The financial markets always seem to do something that causes me to shake my head and chuckle. This week it involved smart phone maker Palm (PALM).
Shares of the stock jumped on reports that the company has put itself up for sale and is working with investment banks to find a buyer. PALM rose even higher yesterday after a new regulatory filing revealed that Harbinger Capital acquired a 9.48% stake in the company.
The problem is that PALM is on the verge of bankruptcy. It is burning through cash and has more debt than assets, meaning that it has negative book value. Its phones aren’t selling very well either. In fact, during its last conference call, the company admitted that resellers’ inventories of Palm phones were too high. These are not the types of things you want to see in an investment.

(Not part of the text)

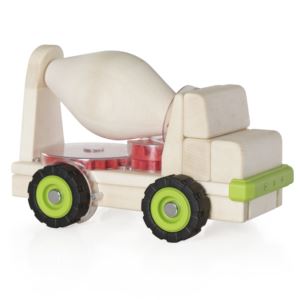 Big Block Science Cement Truck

So, why are people buying shares? There is an assumption that the company’s smart phone patents have value. I own a Palm Pre. It’s a good phone, but it is not without problems. In fact, I think the software updates have made the phone worse, not better. Plus, I am on my second Pre in less than a year because the keyboard on the first one broke.

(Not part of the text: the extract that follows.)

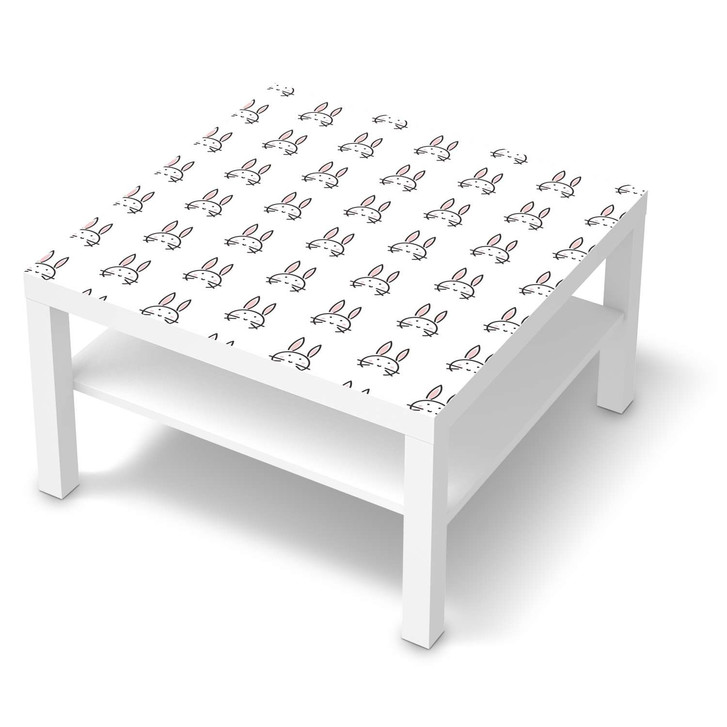 Möbelfolie IKEA Lack Tisch 78x78cm - Hoppel - CR118461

The biggest question, however, is competition. Apple’s (NASDAQ:AAPL) next generation iPhone will do most of the things Palm’s Pre can do, and probably better. Google’s smart phone technology is arguably just as good. (In fact, I use Google to sync my contacts and calendar between my phone and both my work and home PCs.) Microsoft (NASDAQ:MSFT) is about to unveil a new mobile operating phone system of its own. Therefore, Palm faces a steep uphill battle even if it survives.
Given that Palm does have relationships with the mobile phone companies and does have certain patents, there might be underlying value, but how much is very hard to determine. In fact, I would guess that 99% of the people buying Palm stock this week don’t have any idea. I know that I don’t, which is partially why I refuse to buy the stock.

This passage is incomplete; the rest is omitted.